Segment Start: MATERIAL FOR THIS EXERCISE
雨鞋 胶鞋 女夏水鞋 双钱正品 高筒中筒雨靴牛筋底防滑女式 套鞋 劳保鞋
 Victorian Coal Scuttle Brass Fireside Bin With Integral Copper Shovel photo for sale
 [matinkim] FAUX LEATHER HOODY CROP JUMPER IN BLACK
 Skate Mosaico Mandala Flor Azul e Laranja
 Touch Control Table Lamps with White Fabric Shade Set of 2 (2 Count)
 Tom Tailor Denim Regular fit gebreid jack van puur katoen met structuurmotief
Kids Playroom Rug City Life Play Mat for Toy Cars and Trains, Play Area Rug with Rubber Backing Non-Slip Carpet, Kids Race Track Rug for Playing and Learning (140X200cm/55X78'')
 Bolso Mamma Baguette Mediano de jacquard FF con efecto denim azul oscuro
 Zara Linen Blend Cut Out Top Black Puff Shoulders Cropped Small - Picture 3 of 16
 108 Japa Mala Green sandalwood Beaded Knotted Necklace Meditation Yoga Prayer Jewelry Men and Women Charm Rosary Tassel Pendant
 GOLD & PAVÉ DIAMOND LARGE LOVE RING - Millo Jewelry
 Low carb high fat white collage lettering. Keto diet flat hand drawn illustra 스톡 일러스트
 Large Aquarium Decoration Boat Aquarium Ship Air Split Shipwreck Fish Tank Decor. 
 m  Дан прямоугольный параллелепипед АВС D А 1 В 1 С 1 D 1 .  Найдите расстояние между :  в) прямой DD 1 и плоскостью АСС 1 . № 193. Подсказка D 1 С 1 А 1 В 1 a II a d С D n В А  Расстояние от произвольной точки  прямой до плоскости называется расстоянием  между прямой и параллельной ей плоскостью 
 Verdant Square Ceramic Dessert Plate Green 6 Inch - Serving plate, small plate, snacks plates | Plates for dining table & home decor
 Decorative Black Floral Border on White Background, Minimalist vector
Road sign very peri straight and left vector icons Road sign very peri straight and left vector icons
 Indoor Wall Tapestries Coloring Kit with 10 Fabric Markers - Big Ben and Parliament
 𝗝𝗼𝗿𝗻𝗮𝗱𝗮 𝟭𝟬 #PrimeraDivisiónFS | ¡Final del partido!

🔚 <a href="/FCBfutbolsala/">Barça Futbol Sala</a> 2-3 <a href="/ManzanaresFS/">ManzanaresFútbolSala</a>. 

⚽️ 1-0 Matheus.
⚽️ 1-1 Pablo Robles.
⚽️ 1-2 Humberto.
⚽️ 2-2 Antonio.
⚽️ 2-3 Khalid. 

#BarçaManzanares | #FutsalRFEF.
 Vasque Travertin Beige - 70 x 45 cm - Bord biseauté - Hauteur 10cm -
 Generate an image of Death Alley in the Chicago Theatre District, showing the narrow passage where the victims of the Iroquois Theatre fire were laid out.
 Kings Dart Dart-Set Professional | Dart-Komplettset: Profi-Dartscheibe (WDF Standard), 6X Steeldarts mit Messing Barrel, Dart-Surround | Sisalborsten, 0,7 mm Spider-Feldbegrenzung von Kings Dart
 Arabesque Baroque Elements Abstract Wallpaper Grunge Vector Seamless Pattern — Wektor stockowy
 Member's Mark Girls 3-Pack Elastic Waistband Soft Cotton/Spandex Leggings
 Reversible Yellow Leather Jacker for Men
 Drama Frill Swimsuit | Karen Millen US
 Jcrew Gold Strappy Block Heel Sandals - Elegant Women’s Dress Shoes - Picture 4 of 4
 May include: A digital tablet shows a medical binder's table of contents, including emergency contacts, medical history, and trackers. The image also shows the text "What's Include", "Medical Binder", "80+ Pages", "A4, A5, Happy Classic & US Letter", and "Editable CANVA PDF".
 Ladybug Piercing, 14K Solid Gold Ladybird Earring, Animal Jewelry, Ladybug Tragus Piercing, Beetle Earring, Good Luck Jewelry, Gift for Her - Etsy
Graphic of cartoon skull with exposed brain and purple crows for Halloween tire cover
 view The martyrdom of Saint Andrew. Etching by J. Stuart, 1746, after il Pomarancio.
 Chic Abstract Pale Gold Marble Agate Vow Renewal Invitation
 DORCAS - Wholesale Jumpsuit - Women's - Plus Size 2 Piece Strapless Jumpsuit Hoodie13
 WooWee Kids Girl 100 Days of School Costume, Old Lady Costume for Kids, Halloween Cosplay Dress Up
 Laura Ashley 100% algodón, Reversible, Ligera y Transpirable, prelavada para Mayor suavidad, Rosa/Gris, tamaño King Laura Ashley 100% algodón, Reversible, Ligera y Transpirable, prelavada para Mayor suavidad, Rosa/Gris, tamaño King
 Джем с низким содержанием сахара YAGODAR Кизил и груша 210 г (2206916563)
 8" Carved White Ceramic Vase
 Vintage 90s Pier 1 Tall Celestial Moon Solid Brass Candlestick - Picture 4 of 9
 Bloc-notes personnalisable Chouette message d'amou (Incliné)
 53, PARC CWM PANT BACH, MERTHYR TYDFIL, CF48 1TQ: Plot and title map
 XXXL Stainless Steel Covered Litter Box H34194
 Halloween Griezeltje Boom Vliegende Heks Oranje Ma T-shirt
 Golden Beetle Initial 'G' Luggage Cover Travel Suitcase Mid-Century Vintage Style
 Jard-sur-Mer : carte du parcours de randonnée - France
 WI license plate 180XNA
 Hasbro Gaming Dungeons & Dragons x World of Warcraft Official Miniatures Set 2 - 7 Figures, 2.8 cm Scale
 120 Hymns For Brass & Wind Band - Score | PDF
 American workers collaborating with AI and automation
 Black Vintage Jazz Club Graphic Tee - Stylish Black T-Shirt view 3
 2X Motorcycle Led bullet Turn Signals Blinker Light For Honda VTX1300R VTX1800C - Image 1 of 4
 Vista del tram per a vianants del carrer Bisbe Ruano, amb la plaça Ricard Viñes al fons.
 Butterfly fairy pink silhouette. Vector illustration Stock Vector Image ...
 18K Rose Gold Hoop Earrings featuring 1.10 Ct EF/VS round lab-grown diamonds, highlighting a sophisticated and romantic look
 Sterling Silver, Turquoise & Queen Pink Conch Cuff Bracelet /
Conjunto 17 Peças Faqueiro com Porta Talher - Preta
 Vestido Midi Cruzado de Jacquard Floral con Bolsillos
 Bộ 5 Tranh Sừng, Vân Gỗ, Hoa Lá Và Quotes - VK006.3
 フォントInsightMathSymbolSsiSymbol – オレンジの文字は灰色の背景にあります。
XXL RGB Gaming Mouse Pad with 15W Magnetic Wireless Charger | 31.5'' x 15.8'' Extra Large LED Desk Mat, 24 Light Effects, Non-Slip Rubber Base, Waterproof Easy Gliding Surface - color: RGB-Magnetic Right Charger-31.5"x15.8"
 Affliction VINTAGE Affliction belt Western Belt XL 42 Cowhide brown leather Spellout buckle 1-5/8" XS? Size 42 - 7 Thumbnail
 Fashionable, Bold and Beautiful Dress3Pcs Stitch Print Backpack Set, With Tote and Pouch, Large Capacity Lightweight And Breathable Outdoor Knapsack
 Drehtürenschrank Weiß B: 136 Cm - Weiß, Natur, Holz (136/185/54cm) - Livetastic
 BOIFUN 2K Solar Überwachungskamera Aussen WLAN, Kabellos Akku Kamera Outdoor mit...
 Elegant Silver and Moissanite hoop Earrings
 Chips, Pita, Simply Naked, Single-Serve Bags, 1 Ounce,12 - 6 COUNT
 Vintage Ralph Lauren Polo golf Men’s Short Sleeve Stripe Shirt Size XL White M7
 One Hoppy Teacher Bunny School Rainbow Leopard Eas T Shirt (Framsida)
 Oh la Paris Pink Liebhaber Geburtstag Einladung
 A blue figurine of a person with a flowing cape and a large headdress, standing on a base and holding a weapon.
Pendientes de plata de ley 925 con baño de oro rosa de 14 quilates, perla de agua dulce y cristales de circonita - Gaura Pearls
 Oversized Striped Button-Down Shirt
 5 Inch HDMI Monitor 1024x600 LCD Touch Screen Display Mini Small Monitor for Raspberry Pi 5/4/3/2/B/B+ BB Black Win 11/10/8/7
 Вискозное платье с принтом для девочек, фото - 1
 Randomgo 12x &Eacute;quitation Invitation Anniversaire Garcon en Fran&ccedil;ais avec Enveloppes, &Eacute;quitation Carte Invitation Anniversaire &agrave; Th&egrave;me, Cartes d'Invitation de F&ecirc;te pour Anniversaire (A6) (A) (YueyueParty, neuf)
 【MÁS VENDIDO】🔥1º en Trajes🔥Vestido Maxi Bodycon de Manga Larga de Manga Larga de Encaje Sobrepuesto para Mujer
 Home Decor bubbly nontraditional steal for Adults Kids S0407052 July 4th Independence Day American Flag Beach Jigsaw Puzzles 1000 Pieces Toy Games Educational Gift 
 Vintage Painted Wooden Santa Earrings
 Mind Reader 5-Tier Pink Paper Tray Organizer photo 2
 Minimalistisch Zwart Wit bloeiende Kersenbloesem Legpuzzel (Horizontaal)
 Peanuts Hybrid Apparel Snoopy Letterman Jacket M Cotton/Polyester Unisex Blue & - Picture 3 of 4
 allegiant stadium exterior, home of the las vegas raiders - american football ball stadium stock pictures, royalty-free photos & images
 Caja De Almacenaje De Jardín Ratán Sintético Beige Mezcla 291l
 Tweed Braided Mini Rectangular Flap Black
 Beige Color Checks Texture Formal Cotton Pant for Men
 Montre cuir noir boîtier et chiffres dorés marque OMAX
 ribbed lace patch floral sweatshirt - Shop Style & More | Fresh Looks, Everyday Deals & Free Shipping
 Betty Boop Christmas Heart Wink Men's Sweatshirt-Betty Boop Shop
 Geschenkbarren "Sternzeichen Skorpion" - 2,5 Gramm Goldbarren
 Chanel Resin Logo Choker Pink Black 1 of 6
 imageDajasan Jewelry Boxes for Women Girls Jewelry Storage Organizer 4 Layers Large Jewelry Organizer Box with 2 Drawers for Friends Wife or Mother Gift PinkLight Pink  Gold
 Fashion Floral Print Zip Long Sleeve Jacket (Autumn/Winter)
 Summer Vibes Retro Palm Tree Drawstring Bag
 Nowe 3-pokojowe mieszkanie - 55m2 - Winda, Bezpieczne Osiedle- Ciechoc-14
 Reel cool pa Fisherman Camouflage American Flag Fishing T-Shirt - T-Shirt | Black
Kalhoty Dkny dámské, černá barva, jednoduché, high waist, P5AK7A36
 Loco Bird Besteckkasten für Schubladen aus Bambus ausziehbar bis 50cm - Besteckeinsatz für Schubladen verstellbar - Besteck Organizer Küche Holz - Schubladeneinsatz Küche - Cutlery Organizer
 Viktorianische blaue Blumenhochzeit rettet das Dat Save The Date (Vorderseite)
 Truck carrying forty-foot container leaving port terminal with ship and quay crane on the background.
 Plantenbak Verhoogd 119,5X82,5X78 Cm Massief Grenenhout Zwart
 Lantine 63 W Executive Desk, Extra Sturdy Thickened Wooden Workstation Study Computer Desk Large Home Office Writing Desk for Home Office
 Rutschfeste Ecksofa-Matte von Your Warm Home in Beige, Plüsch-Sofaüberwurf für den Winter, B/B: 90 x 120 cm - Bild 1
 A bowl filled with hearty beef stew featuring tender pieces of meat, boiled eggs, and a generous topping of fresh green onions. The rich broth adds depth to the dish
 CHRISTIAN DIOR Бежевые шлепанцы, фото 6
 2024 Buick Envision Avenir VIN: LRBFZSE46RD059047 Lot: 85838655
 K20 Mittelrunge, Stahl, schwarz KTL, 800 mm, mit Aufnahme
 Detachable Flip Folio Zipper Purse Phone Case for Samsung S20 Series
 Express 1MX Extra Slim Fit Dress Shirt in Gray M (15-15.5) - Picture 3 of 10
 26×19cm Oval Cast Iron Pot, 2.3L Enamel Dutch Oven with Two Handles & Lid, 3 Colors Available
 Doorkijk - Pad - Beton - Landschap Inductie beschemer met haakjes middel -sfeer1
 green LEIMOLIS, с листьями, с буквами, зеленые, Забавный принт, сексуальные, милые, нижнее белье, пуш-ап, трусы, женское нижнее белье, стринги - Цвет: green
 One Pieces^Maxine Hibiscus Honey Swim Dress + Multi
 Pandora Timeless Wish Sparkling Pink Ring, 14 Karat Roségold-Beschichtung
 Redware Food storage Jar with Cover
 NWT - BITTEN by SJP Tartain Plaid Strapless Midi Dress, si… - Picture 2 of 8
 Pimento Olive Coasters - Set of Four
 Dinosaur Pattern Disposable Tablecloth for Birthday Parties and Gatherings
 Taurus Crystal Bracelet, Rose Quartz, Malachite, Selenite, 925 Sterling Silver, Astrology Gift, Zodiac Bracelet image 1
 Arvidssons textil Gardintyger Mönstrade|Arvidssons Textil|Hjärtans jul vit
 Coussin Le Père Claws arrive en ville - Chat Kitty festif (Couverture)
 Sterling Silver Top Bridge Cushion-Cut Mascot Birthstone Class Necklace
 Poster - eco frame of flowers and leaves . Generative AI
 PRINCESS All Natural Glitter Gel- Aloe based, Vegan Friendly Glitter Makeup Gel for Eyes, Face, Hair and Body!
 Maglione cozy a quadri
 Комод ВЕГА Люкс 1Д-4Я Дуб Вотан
Segment End: MATERIAL FOR THIS EXERCISE
* ABOUT THIS EXERCISE
In the entries above, restate word for word the lines between the one holding "green LEIMOLIS, с" and the one holding "Arvidssons textil Gardintyger", inclusive, and nothing besides.

* RESULT OF THIS EXERCISE
 green LEIMOLIS, с листьями, с буквами, зеленые, Забавный принт, сексуальные, милые, нижнее белье, пуш-ап, трусы, женское нижнее белье, стринги - Цвет: green
 One Pieces^Maxine Hibiscus Honey Swim Dress + Multi
 Pandora Timeless Wish Sparkling Pink Ring, 14 Karat Roségold-Beschichtung
 Redware Food storage Jar with Cover
 NWT - BITTEN by SJP Tartain Plaid Strapless Midi Dress, si… - Picture 2 of 8
 Pimento Olive Coasters - Set of Four
 Dinosaur Pattern Disposable Tablecloth for Birthday Parties and Gatherings
 Taurus Crystal Bracelet, Rose Quartz, Malachite, Selenite, 925 Sterling Silver, Astrology Gift, Zodiac Bracelet image 1
 Arvidssons textil Gardintyger Mönstrade|Arvidssons Textil|Hjärtans jul vit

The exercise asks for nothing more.